The PGSA is a unilateral Iranian institution established on May 5, 2026, that administers transit permits and collects tolls from vessels passing through the Strait of Hormuz. It operates from a corridor inside Iran’s 12-nautical-mile territorial sea between Qeshm and Larak islands. The authority has no international legal recognition — the US Office of Foreign Assets Control (OFAC) has warned that payments to the PGSA could trigger sanctions exposure, and no Western-flagged operator has publicly acknowledged making a payment. So far, toll payments of approximately $2 million per transit have been made primarily by Chinese-linked shadow fleet vessels using yuan-denominated transactions.
Can any country legally challenge the PGSA toll system at an international court?
The options are narrow. The International Court of Justice requires state consent to jurisdiction, and Iran has not accepted the ICJ’s compulsory jurisdiction. ITLOS, the International Tribunal for the Law of the Sea, derives its authority from UNCLOS — which Iran has not ratified, making ITLOS proceedings unavailable. A UN Security Council referral is blocked by Russia and China, both of which have shadow-fleet financial interests in the PGSA regime. The practical result is that there is no binding international forum with unambiguous jurisdiction over Iran’s toll system, leaving affected states with unilateral or coalition pressure as their only enforcement tools.
Could Saudi Arabia build additional pipeline capacity to bypass Hormuz?

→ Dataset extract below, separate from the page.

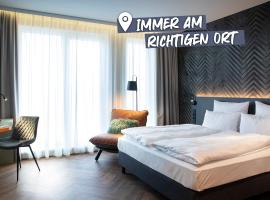 LOGINN Hotel Berlin Airport, hotel din Berlin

The East-West Petroline, Saudi Arabia’s primary Red Sea export alternative, reached its operational ceiling of approximately 7 mbpd on March 11, 2026. New pipeline construction of comparable scale would require 3-5 years of planning and construction under peacetime conditions, enormous capital expenditure at a time when Saudi Arabia is running its largest quarterly deficit since 2018, and routing through terrain that presents its own security challenges. The UAE’s ADNOC has the Fujairah pipeline (1.5 mbpd) bypassing Hormuz, but Saudi Arabia has no equivalent secondary route, and the OPEC+ quota gap of 3.41 mbpd means even a second pipeline of Petroline scale would not fully restore export capacity to pre-blockade levels.
Why did Iran accept no Hormuz provisions in the 2015 JCPOA?
Iran’s position in 2015 was that Hormuz governance was a separate sovereign matter — not a nuclear question — and that linking the two would legitimise outside interference in Iranian maritime authority. The Obama administration accepted this separation to keep the negotiating scope manageable. In 2026, Iran has inverted the logic: it is now Iran, not the West, demanding that the two issues be explicitly linked — but on terms that make Hormuz governance the guarantee of the nuclear deal rather than a concession within it. The strategic position has flipped entirely.
What is the OPEC+ JMMC meeting on June 7 and why does it matter?
The Joint Ministerial Monitoring Committee meets on June 7, 2026, to review production quotas. Saudi Arabia’s current quota stands at 10.291 mbpd against actual production of 6.879 mbpd — a gap of 3.41 million barrels per day that the kingdom physically cannot close without Hormuz access. The meeting will force a formal reckoning with the blockade’s production impact and may require Saudi Arabia to acknowledge publicly that its output gap is structural rather than voluntary — a politically damaging admission for a kingdom that has historically used production discipline as a tool of OPEC leadership, not a constraint imposed by a rival’s geographic chokepoint.